Authors: Patrick Dillon
Peering through the shutters, Thomas De Veil spotted a ringleader. No one ever accused De Veil of ducking a fight. ‘Observing among the rest a profligate fellow, who was the great encourager of this tumultuous assembly, (one Roger Allen) and who encouraged them to pull down the Justice’s house and kill the informers, [he] had him seized.’ But it took the army to disperse the crowd and escort the two informers to safety. Roger Allen was committed to Newgate under the Riot Act. He was ‘the first of that kind to be tried, since the Gin Act took place.’

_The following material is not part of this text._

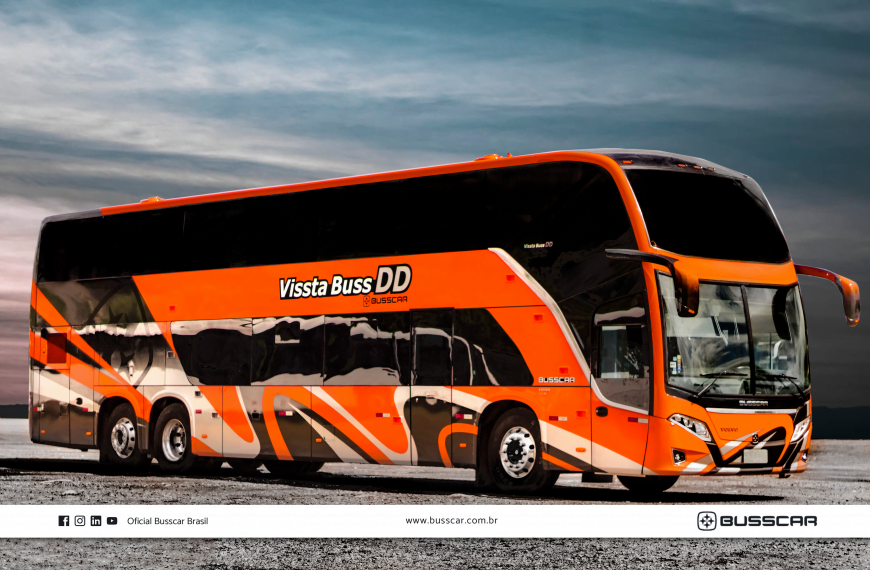 Busscar conquista certificação internacional UN-R66 para os modelos Vissta Buss DD e Vissta Buss 400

The authorities had every reason to be worried. It wasn’t only the failure of the Riot Act. Attacks on informers were getting more frequent. Within a week of an informer being murdered in Chelsea, two other women had been attacked, one in Brewer Street and one in Bond Street. When an informer hid from an angry crowd in a house in Phoenix Street, the crowd pulled the house down. There were more rescues as well. A few days before the riot in Thrift
Street, a waterman’s wife had been convicted for selling gin near Christ Church Spitalfields, and sent to Bridewell, ‘but the mob having notice thereof rescued her just as the constable was delivering her into the keeper’s hands.’
It happened again in Southwark a fortnight later.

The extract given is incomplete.